* RECORDS FOR PROCESSING
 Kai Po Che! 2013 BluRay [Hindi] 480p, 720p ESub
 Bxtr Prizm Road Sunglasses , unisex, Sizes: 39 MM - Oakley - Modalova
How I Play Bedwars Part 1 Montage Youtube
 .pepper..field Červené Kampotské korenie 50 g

==

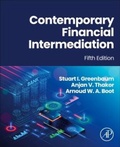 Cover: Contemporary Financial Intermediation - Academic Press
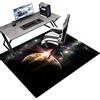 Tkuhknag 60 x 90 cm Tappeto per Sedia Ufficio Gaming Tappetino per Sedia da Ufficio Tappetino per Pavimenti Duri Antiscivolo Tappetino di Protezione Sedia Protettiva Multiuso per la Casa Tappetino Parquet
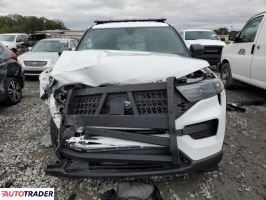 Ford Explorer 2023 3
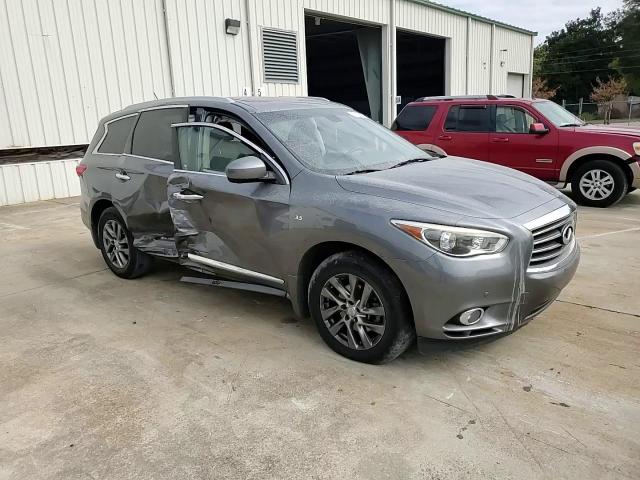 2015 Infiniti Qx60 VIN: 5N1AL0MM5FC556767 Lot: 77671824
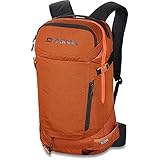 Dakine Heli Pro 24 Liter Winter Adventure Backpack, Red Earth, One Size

...

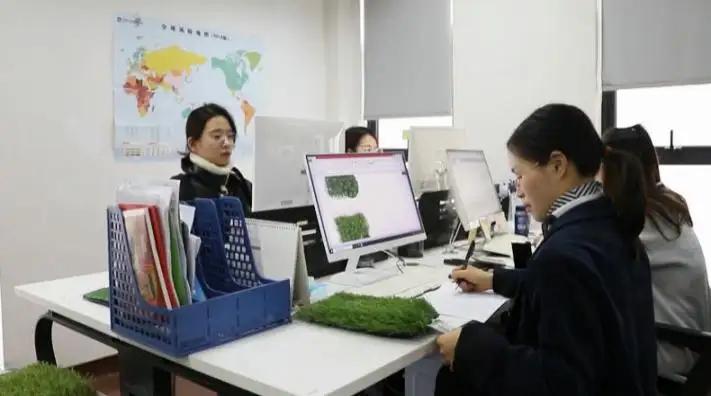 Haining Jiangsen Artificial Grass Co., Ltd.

* PROBLEM DETAILS
Look above for the line with "2015 Infiniti Qx60" and the line with "Dakine Heli Pro". Copy them and every line between, exactly, but no pictures.

* ANSWER BOX
 2015 Infiniti Qx60 VIN: 5N1AL0MM5FC556767 Lot: 77671824
 Dakine Heli Pro 24 Liter Winter Adventure Backpack, Red Earth, One Size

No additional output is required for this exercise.